ASSIGNED TASK: Every line below from the one with "Lokal, 1240 m2, 9. oktobra ID: p-012786 7" through the one with "BMW X3 xDrive28i - 18" is to be repeated exactly, with no picture among them.

EXTRACTED RECORDS:
=-=-=
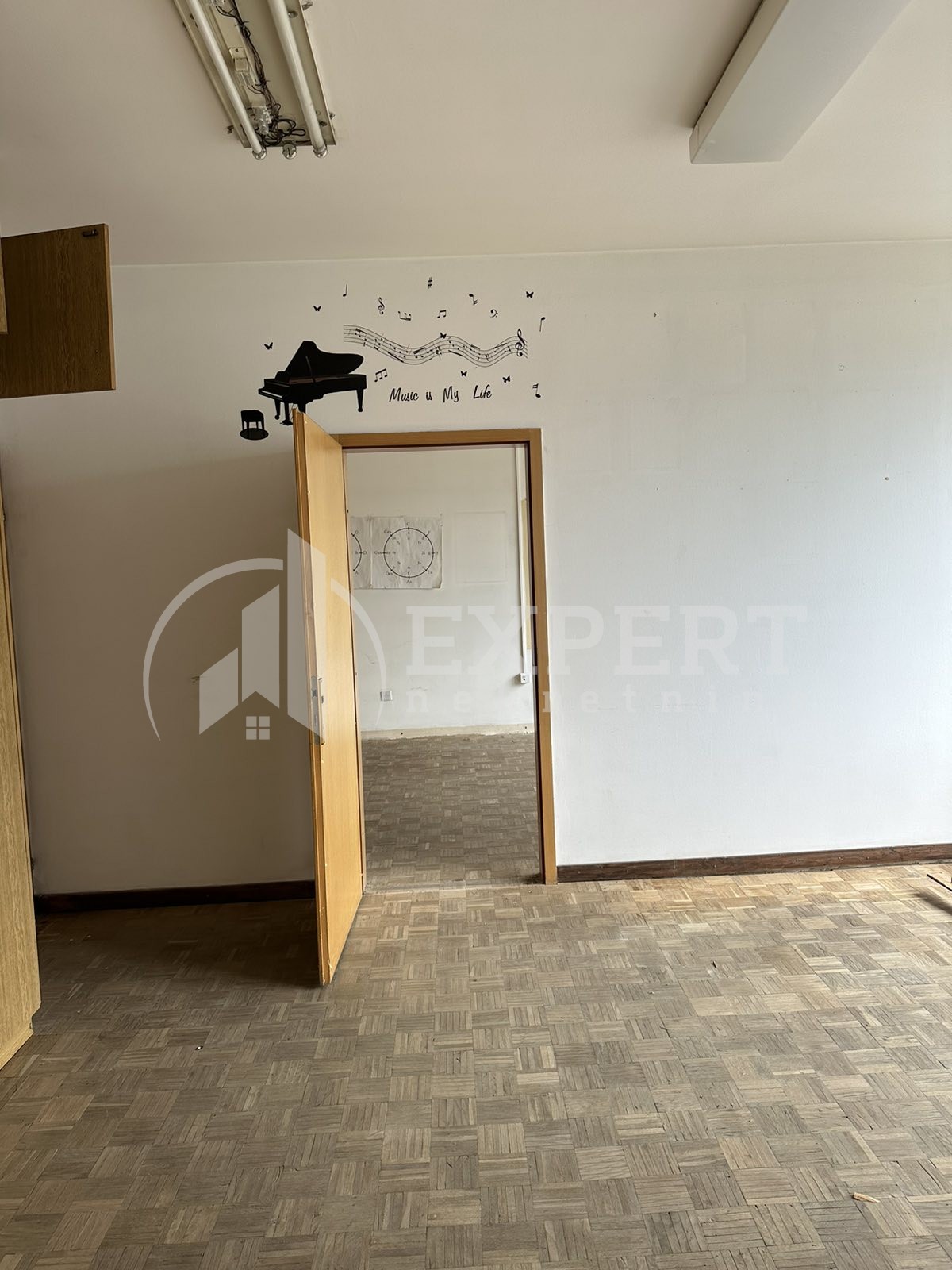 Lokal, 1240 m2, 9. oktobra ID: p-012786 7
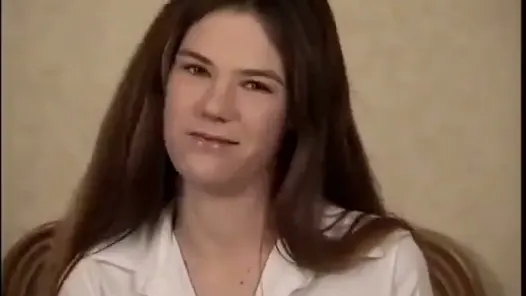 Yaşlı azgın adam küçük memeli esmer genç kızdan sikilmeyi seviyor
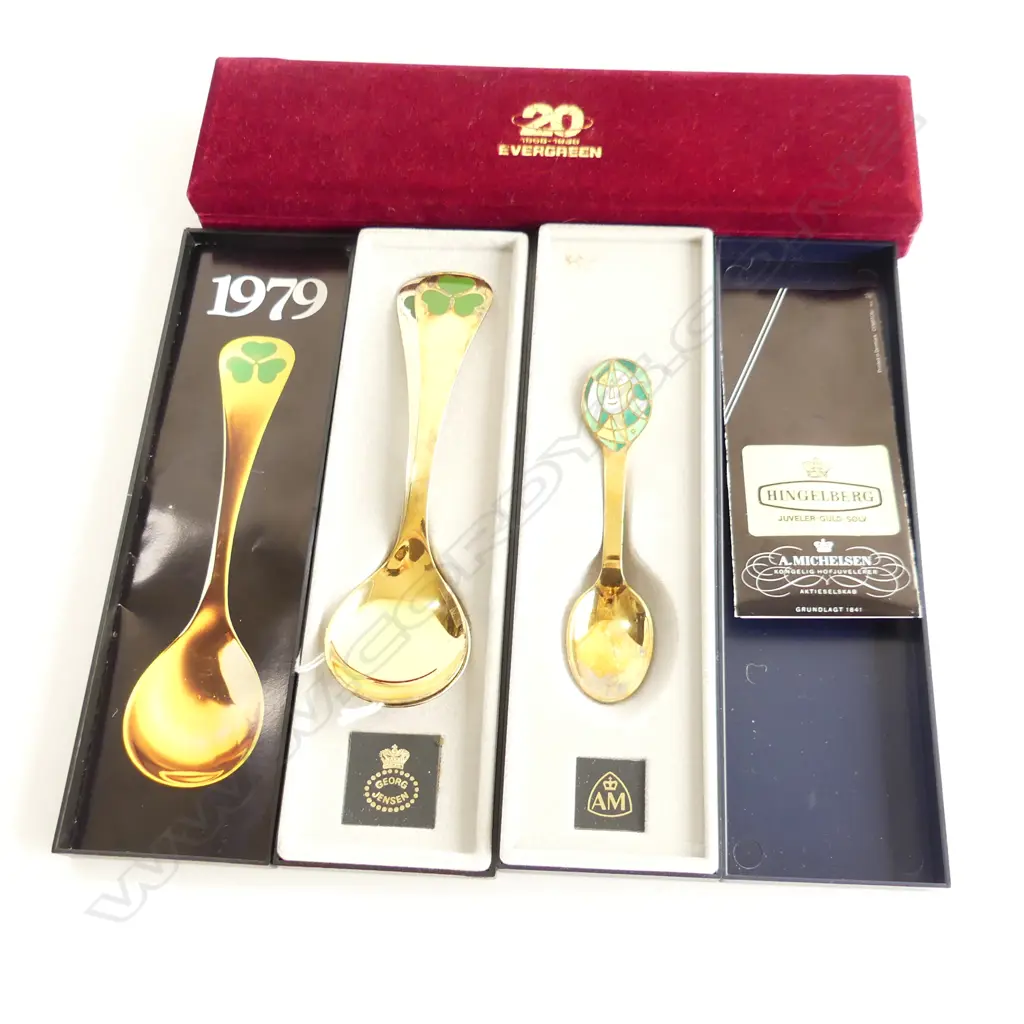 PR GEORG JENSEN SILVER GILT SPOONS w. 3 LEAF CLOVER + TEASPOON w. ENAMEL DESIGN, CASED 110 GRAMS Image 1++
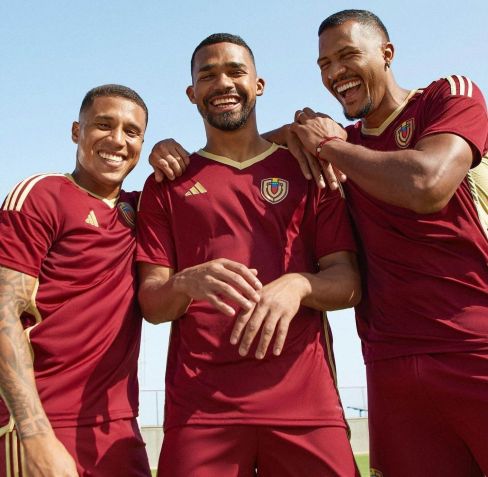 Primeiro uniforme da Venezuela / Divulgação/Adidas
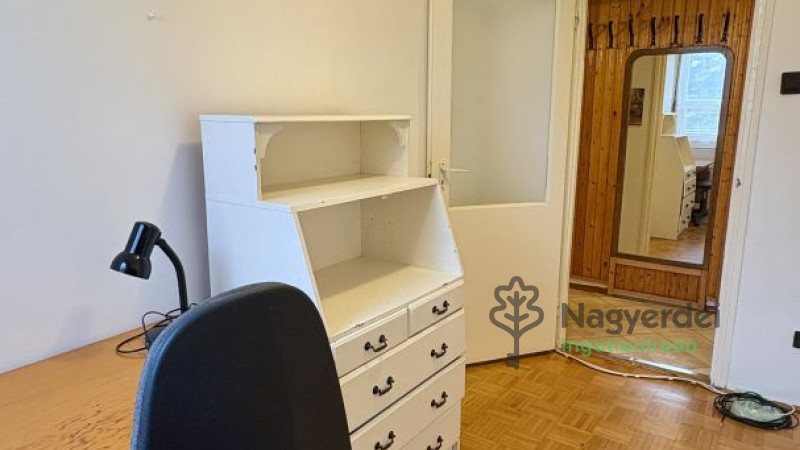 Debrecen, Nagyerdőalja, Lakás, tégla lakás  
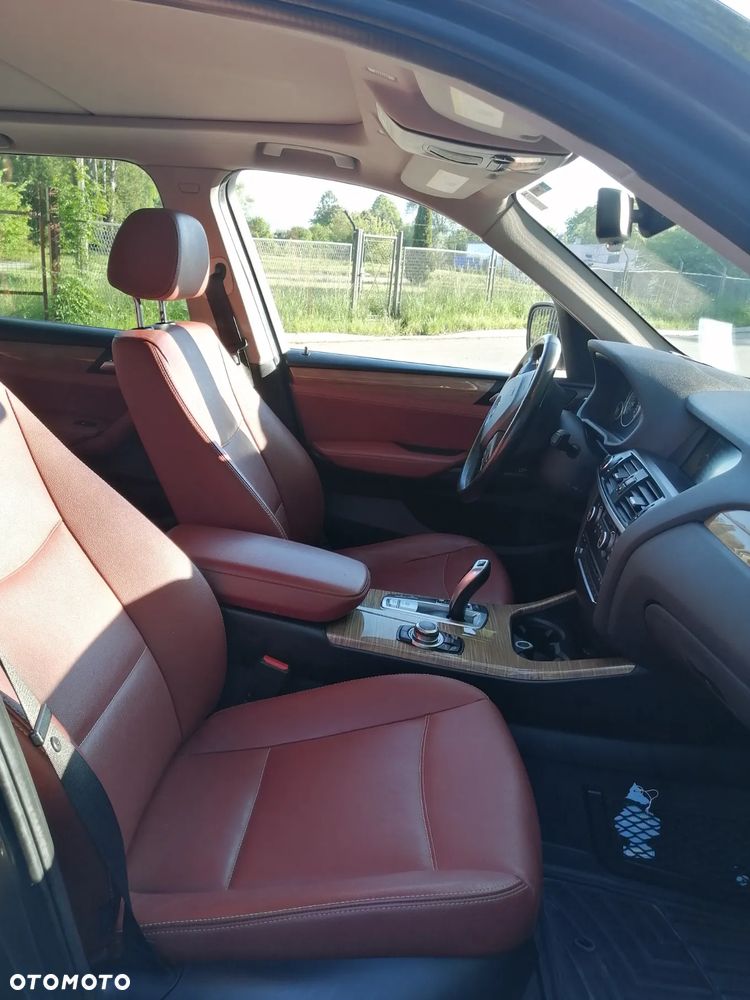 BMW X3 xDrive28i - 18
=-=-=
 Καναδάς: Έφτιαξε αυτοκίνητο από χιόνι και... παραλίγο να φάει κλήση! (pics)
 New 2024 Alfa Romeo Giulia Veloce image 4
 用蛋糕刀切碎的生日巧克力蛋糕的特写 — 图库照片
=-=-=
RESPONSE AREA:
 Lokal, 1240 m2, 9. oktobra ID: p-012786 7
 Yaşlı azgın adam küçük memeli esmer genç kızdan sikilmeyi seviyor
 PR GEORG JENSEN SILVER GILT SPOONS w. 3 LEAF CLOVER + TEASPOON w. ENAMEL DESIGN, CASED 110 GRAMS Image 1++
 Primeiro uniforme da Venezuela / Divulgação/Adidas
 Debrecen, Nagyerdőalja, Lakás, tégla lakás  
 BMW X3 xDrive28i - 18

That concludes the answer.